Task goal = Only the lines with "Stripes" in them need to be copied from the listing.

Input data below:

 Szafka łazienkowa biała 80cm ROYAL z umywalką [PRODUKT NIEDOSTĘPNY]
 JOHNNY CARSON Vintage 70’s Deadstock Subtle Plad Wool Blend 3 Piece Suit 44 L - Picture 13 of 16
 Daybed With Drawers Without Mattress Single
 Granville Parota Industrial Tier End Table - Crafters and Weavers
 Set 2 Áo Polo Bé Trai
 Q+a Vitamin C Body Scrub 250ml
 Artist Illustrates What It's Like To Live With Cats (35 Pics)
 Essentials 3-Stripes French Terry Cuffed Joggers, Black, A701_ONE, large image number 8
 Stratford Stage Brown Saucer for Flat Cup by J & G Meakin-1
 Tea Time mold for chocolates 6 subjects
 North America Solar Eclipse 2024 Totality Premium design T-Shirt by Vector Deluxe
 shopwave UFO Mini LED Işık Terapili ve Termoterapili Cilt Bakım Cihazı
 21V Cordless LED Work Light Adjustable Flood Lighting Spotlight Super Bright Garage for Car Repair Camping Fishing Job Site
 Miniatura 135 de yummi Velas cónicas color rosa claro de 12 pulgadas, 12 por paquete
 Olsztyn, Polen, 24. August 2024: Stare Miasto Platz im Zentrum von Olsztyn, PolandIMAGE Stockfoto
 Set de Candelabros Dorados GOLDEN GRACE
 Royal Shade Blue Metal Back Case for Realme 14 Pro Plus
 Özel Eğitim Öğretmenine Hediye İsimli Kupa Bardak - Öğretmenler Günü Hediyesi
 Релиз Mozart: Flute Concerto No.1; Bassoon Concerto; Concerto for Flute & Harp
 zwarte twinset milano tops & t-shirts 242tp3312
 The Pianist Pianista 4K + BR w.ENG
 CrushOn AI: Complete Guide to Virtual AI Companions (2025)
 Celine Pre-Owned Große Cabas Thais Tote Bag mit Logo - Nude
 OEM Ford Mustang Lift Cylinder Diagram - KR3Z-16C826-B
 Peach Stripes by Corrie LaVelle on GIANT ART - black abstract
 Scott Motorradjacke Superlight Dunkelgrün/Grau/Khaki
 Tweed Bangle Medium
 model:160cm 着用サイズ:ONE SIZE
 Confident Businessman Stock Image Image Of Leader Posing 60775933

End of Input data.

Exercise solution =
 Essentials 3-Stripes French Terry Cuffed Joggers, Black, A701_ONE, large image number 8
 Peach Stripes by Corrie LaVelle on GIANT ART - black abstract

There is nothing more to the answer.